FURTHER evidence that the UK's economic recovery has lost significant momentum has come in a survey showing expansion of the dominant services sector slowed to its weakest pace in 19 months in December.
The survey, published yesterday by the Chartered Institute of Purchasing and Supply, followed reports in recent days from CIPS showing a slowdown in growth of the UK manufacturing and construction sectors.
Meanwhile, the latest Bank of Scotland quarterly business monitor, published this week, signalled a sharp slowing of economic growth north of the Border in the three months to November. This survey showed a significant easing of expansion in both the production and services sectors during this three-month period.
Chris Williamson, chief economist at CIPS survey compiler Markit, estimated on the basis of the services, manufacturing, and construction surveys that the UK economy would have grown by 0.5 per cent in the fourth quarter. This rate of expansion, equivalent to an annualised pace of two per cent, would be adrift of the long-term average of about 2.75 per cent per annum.
The ONS is due to publish fourth-quarter UK growth figures later this month.
The UK economy grew by 0.7 per cent in the third quarter, with its pace of expansion having slowed from 0.8 per cent in the three months to June.
Mr Williamson said: "The surveys suggest the economy grew by 0.5 per cent in the fourth quarter, down from 0.7 per cent in the third quarter."
He added: "The loss of momentum towards the year-end will no doubt fuel worries that the upturn is too fragile to withstand higher interest rates. With policymakers clearly remaining extremely cautious in the timing of the first rate rise, the weaker pace of growth signalled by the surveys most likely means any hike in borrowing costs remains firmly off the agenda for the majority of Monetary Policy Committee members."
UK base rates have been at a record low of 0.5 per cent since March 2009.
CIPS's business activity index for services dropped from 58.6 in November to 55.8 in December on a seasonally-adjusted basis.
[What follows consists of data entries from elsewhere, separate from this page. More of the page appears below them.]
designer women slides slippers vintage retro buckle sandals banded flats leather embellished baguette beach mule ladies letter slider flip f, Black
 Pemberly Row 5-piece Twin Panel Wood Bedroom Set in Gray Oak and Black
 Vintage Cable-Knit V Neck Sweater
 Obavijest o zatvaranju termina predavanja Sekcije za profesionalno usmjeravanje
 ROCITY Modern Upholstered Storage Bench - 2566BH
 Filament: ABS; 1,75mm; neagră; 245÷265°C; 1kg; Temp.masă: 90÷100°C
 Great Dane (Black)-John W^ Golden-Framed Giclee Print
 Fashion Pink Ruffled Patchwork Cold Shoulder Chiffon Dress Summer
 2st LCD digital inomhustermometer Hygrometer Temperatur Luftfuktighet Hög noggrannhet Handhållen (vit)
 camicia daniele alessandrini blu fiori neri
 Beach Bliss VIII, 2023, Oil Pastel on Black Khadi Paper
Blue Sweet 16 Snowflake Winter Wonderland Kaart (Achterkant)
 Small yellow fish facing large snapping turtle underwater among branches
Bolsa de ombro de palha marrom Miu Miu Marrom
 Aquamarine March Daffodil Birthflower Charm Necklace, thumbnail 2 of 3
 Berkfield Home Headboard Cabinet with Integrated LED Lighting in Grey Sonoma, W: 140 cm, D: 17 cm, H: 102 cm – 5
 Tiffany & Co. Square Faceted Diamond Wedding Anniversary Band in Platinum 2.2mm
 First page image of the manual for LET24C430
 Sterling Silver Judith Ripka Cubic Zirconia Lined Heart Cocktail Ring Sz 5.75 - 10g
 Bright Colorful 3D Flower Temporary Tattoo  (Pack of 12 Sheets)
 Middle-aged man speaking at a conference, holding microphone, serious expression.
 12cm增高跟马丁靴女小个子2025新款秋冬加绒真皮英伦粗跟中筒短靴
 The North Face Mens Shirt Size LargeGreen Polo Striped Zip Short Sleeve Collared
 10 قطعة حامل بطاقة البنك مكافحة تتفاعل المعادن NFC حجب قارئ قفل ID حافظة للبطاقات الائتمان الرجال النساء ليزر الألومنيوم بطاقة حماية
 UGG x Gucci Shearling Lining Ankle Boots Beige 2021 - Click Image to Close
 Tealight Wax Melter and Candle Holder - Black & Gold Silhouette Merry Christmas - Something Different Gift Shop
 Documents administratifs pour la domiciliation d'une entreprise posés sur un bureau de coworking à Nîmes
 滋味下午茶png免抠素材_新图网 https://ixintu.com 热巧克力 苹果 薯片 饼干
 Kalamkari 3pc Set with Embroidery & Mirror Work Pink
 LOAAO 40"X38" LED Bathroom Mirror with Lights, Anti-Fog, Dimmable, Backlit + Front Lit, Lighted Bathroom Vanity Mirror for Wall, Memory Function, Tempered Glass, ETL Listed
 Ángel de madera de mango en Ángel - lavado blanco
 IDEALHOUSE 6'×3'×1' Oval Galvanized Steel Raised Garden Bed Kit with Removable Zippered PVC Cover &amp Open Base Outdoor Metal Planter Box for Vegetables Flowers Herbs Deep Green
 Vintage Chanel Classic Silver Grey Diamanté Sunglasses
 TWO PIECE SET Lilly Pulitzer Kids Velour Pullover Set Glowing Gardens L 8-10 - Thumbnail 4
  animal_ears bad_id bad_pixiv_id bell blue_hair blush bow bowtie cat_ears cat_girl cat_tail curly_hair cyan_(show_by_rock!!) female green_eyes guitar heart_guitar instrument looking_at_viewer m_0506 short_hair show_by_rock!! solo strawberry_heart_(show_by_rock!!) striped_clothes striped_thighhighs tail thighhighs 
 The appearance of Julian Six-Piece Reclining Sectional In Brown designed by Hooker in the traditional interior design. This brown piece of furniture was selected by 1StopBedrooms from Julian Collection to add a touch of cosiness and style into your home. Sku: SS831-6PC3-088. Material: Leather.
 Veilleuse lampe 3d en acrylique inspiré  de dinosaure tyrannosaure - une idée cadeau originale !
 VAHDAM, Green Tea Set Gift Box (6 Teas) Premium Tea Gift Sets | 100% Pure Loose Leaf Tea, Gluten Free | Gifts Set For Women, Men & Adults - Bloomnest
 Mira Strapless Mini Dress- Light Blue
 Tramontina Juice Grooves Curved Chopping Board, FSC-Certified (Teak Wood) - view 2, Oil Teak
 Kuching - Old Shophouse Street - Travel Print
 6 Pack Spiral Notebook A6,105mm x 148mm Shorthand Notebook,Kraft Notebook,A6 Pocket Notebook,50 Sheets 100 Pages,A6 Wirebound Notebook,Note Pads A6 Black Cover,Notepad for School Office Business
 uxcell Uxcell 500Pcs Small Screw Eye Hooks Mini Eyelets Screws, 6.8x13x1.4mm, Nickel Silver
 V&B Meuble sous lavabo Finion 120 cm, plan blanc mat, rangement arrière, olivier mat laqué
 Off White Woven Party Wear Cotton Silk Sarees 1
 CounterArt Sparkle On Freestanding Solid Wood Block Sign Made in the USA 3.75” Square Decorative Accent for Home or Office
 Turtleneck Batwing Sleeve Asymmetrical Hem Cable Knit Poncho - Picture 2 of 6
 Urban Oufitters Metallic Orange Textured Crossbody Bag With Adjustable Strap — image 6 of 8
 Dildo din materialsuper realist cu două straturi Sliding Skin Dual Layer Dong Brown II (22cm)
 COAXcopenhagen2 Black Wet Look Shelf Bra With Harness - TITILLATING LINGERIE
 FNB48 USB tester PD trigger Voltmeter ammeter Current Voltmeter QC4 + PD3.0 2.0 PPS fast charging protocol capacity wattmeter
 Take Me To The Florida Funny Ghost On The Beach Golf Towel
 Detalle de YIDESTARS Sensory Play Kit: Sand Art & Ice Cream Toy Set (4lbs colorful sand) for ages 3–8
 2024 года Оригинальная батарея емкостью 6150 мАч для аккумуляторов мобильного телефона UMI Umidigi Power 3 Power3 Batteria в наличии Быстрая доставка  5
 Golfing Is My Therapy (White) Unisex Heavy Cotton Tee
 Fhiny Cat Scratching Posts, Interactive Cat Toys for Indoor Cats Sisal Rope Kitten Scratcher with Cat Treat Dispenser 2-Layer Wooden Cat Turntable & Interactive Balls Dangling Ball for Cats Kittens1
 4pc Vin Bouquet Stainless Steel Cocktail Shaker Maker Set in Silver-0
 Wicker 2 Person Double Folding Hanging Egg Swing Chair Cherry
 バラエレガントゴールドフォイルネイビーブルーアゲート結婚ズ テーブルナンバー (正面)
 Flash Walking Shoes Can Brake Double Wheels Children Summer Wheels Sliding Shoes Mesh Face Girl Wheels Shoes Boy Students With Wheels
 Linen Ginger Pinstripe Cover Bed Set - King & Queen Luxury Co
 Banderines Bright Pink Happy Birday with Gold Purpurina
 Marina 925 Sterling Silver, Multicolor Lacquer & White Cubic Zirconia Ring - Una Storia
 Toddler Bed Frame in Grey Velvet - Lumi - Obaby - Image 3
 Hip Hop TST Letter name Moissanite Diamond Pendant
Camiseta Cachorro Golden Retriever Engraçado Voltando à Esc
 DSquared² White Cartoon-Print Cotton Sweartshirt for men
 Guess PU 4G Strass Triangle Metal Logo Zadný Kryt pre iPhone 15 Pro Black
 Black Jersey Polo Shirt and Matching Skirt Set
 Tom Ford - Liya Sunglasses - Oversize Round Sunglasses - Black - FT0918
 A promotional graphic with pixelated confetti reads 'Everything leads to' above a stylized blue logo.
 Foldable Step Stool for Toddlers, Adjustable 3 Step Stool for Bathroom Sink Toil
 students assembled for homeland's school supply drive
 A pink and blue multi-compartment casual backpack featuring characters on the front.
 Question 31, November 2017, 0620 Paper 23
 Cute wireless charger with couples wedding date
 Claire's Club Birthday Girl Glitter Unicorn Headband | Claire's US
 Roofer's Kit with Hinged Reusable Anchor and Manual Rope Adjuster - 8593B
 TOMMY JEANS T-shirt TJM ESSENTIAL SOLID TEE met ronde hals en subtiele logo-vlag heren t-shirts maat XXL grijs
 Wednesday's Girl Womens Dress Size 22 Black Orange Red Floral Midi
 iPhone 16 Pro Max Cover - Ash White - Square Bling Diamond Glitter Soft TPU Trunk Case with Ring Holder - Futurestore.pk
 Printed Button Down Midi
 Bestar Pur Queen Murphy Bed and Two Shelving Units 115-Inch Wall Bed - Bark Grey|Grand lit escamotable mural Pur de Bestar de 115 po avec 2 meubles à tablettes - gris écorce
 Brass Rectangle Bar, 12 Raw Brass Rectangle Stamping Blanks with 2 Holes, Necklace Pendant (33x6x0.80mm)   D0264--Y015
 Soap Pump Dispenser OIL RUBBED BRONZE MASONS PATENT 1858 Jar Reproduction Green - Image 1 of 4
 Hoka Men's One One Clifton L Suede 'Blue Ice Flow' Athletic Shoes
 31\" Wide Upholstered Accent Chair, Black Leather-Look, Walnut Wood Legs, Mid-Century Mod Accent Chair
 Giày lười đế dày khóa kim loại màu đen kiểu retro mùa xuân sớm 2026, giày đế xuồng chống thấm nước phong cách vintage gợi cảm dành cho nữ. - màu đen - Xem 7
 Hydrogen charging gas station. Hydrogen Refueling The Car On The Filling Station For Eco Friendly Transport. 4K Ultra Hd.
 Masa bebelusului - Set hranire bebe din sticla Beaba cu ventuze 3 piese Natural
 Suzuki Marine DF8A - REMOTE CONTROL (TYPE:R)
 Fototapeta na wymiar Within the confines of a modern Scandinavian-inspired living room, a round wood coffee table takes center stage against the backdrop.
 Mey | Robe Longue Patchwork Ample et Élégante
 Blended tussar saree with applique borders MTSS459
While remaining well above the level of 50 deemed to separate expansion from contraction, the index signalled the weakest growth of activity in the sector for 19 months.
The business activity index for services had stood at 60.5 as recently as August.
Mr Williamson noted that the weighted-average output index from CIPS's manufacturing, construction and services surveys had fallen from 57.7 in November to 55.4 in December, its lowest since May 2013.
Contemplating the outlook, Mr Williamson cited geopolitical tensions, the eurozone crisis, and uncertainty fuelled by the impending UK General Election.
He said: "With the outlook becoming more uncertain and the pace of economic growth fading at the end of 2014, the Bank of England's most recent forecast for the economy to grow by 2.9 per cent in 2015 is already looking too optimistic."
However, while highlighting the UK economy's loss of momentum, Mr Williamson believed it was too early to become concerned about a sharp slowdown.
He said: "It's too early to get worried about a sharp slowdown. After all, the latest PMI (purchasing managers' index) reading is still strong, merely down from unusually high levels earlier in the year and broadly in line with the average seen in the years leading up to the financial crisis."
Mr Williamson added: "Furthermore, even a 0.5 per cent expansion of GDP (gross domestic product) in the final quarter means the economy grew by 2.6 per cent over 2014 as a whole, which would be its best year since 2007, albeit weaker than previously thought due to recent revisions to the official GDP data in the first half of the year."